- **Task to complete**:
Reproduce the entries beneath exactly, without their images.

##### Entries shown

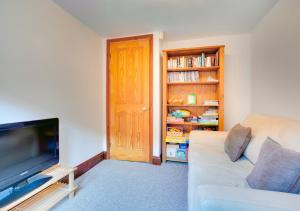 sala de estar con sofá y TV de pantalla plana en Haven Cottage, en South Walsham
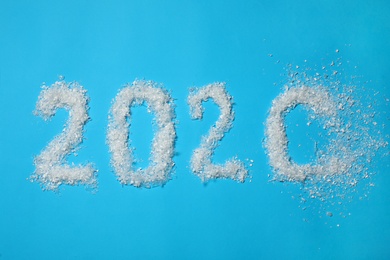 Photo of Year number 2020 made of artificial snow getting blown away on light blue background, flat lay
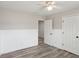 Bedroom with modern flooring, neutral paint, wainscoting, and ample closet space at 1307 Calderwood Se Ct, Smyrna, GA 30080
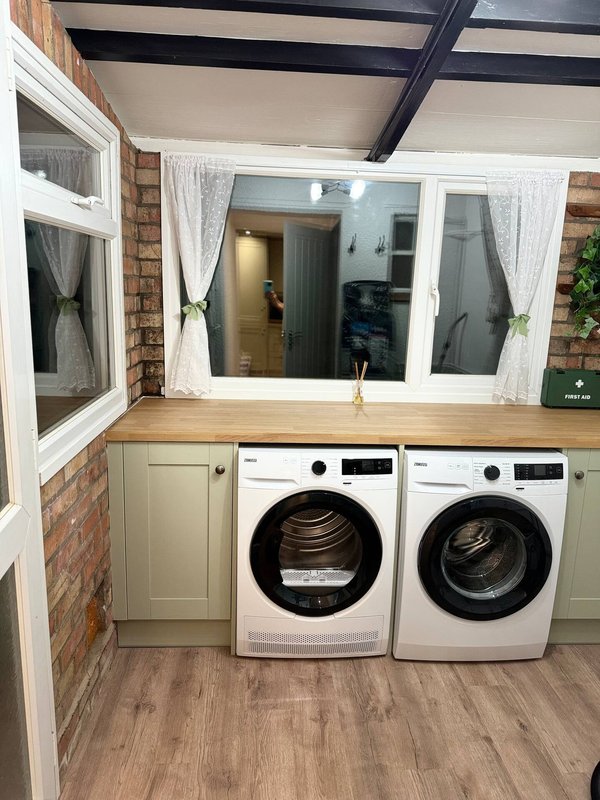 Laundry room with two white washing machines, wooden counter, brick wall and large window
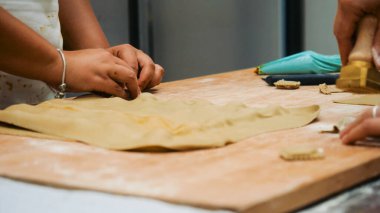 Çocuğun elleri ahşap bir yüzeyde taze bir hamur parçasını yoğurup şekillendiriyor, pişirme sanatını öğreniyor ve mutfak ortamında geleneksel hamur işleri yapıyor.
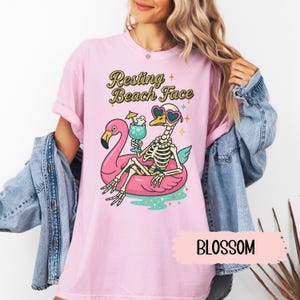May include: A light pink t-shirt with the text "Resting Beach Face" above a skeleton wearing heart-shaped sunglasses and floating on a pink flamingo float. The shirt also has the word "BLOSSOM" on it.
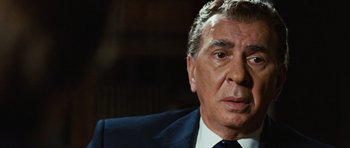 Movie still from “Frost/Nixon” (2008), directed by Ron Howard – An older man wearing a suit and tie; Close Up shot, Over the shoulder angle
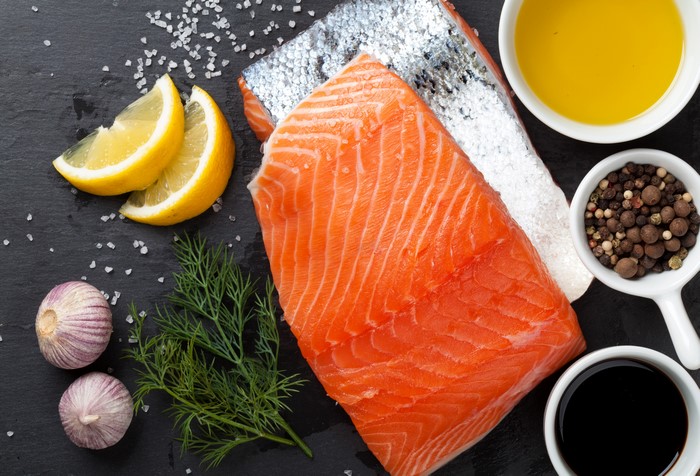 Salmon fillet with lemon, dill, garlic, and spices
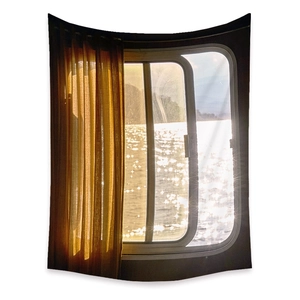 Detail of bohemian sunset landscape tapestry showing rich fabric texture and print quality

##########

- **Solution below**:
 sala de estar con sofá y TV de pantalla plana en Haven Cottage, en South Walsham
 Photo of Year number 2020 made of artificial snow getting blown away on light blue background, flat lay
 Bedroom with modern flooring, neutral paint, wainscoting, and ample closet space at 1307 Calderwood Se Ct, Smyrna, GA 30080
 Laundry room with two white washing machines, wooden counter, brick wall and large window
 Çocuğun elleri ahşap bir yüzeyde taze bir hamur parçasını yoğurup şekillendiriyor, pişirme sanatını öğreniyor ve mutfak ortamında geleneksel hamur işleri yapıyor.
May include: A light pink t-shirt with the text "Resting Beach Face" above a skeleton wearing heart-shaped sunglasses and floating on a pink flamingo float. The shirt also has the word "BLOSSOM" on it.
 Movie still from “Frost/Nixon” (2008), directed by Ron Howard – An older man wearing a suit and tie; Close Up shot, Over the shoulder angle
 Salmon fillet with lemon, dill, garlic, and spices
 Detail of bohemian sunset landscape tapestry showing rich fabric texture and print quality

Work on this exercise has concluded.